The Cato Institute recently hosted an event with Christopher J. Coyne called “Doing Bad by Doing Good: Why Humanitarian Action Fails” to discuss his new book by the same title. Coyne is a professor at George Mason University and the director of the F. A. Hayek Program at the Mercatus Center. Doing Bad By Doing Good Coyne, a critic of government interventionism, says he wrote this book to address this often-heard idea: “Well of course everyone believes the US government has an active role to play internationally to address human suffering.” This mindset is common among millennial Christians. When we see people suffering, we want them to flourish, and our first instinct is for the government to help—both domestically or abroad. However, while our intentions are noble, there are often unintended consequences. As Coyne says, “What’s called ‘humanitarian action,’ or ‘short term relief,’ has become so blended with longer term development and military foreign policy goals that, while categorically we separate those things out, it becomes very difficult to isolate one or just stop at a certain point.” “What I try to do is apply an economic way of thinking to develop a general theory of humanitarianism,” Coyne says, and he defines the problem as follows:

Issues of vulnerability and suffering are ultimately issues of economic development and whether the institutions of that community encourage or discourage productive entrepreneurship.

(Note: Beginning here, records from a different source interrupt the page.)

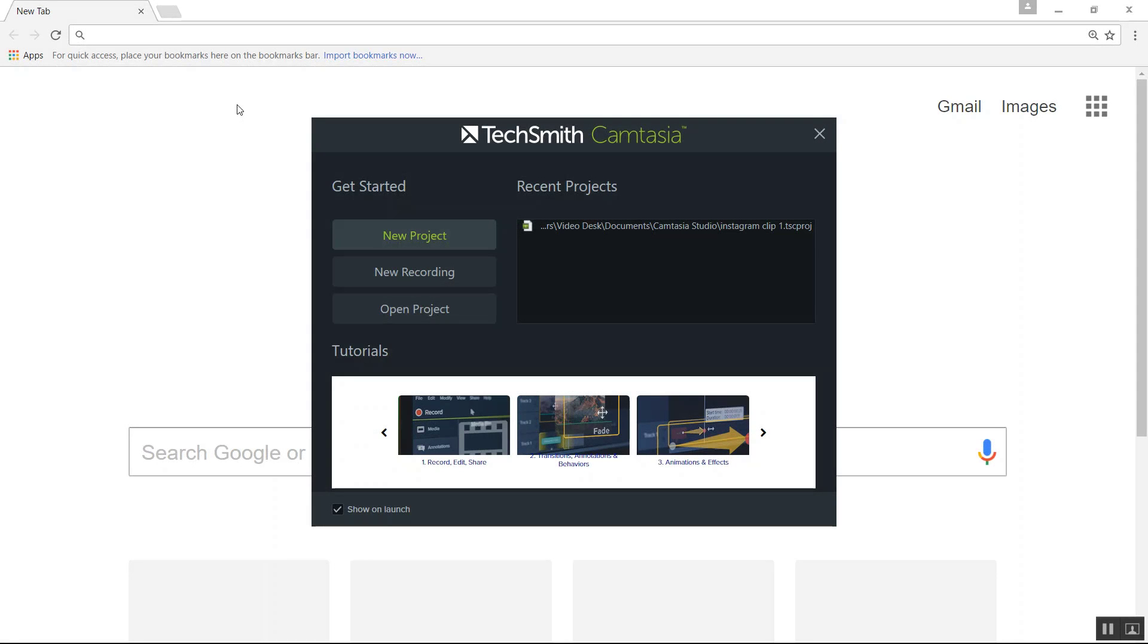What's up people, you got Mark with Maguire's Tutorials here. I want to shoot a quick video to show you how to do a screen recording using Camtasia Studio 9.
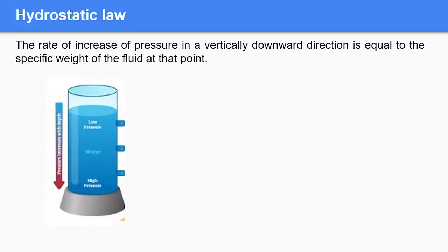The statement of hydrostatic law is: the rate of increase of pressure in the vertically downward direction is equal to the specific weight of the fluid at that point. For this, we have considered one tank having one liquid. As per this law, the pressure at the bottom end is more as compared to the pressure at the top end.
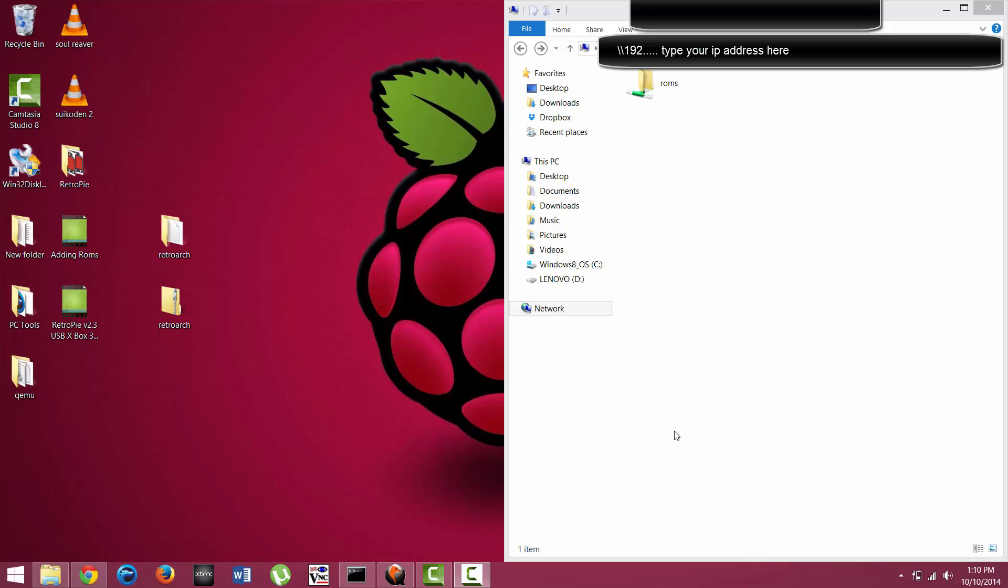Hello and welcome back to Affinity for Games. In this tutorial, we're going to cover how to add ROMs to the RetroPie.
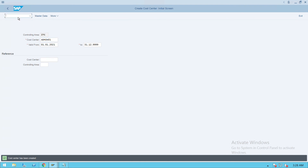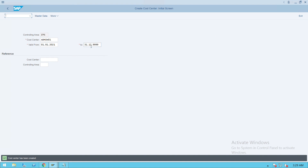I'm stopping this part here. We'll continue with asset creation in part four. Part one, part two, and part three are related to configuration. Part four will cover creation of master data, GL postings, and everything related to user activity. Thank you.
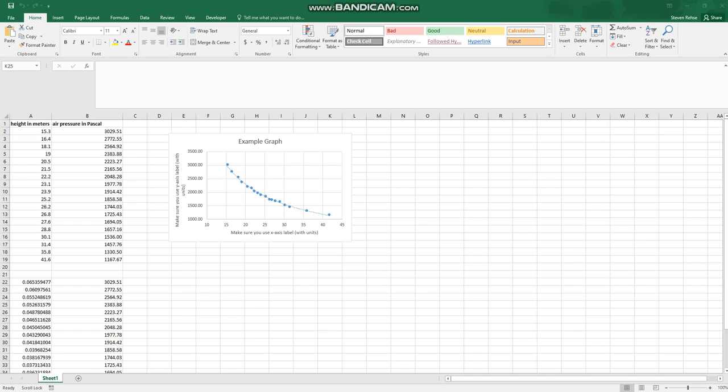In this video you're going to learn how to copy and paste both numeric data in the form of a table and a graph that you've created from that data out of Microsoft Excel into your lab report which you should be editing in Google Docs. So let's go ahead and get started.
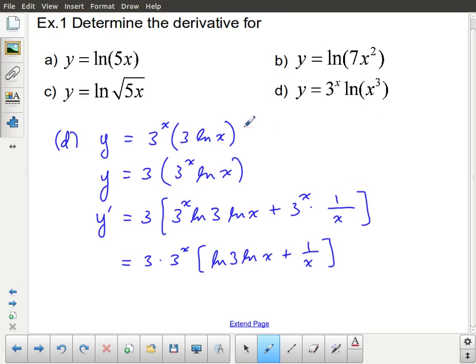If we had not done the step of bringing the power down, it just means that when we took the derivative of ln x cubed, we would have had to use the chain rule. Notice we didn't use the chain rule here when we took the derivative of ln x — we just ended up with 1 over x. Sometimes making these small changes is actually going to make your life quite a bit easier.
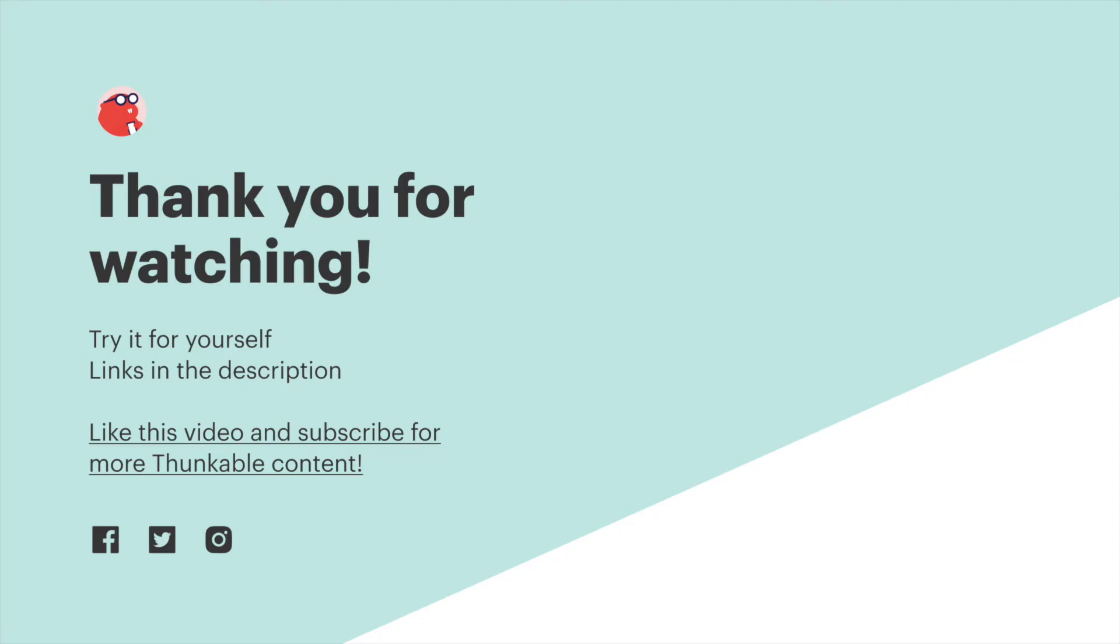We hope you learned something useful about using logic blocks in your Thunkable project today. Thank you so much for watching and as ever thanks for thunking.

The solution he then proposes is that aid efforts should be economically driven because “economics focuses on constraints.” This is important because the economic way of thinking focuses on “the constraints we face, not in just in the quantity of resources, but our intelligence, human reason, our ability to allocate resources in a manner that makes people better off.” The current model of aid follows a central planning philosophy—that the “smart” people can get together and determine exactly how much of various goods and services people need and the best way to produce and deliver those goods. This violates what F.A. Hayek defines as the “knowledge problem.” This should matter greatly to Christians. As I’ve blogged before, “In the Garden of Eden, we see that man is created with imperfect knowledge. Even the forbidden fruit did not make man omniscient; instead, it made him knowledgeable of both good and evil. It is fundamental to the Christian faith, just as it is to laissez-faire economics, that knowledge is ‘not given to anyone in its totality.'” Throughout history, when a purely central planning model has been tried, it has resulted in shortages and more suffering. A recent example of this is in Venezuela, where police officer confiscated toilet paper, diapers and juice boxes due to a nationwide shortage. My friend Lee Doren explains this “interesting phenomenon where they run out of toilet paper” quite well by calling the situation, “really, really sad and pathetic.” Treating aid like a government central planning project not only fails to produce enough aid, but it turns the very people we are trying to help into what Coyne calls “voiceless customers.” This approach does not seek to heal the broken relationships which have contributed to the poverty in the first place. Right solutions in humanitarian aid, according to Coyne, will follow our moral judgments but will be informed by economic principles.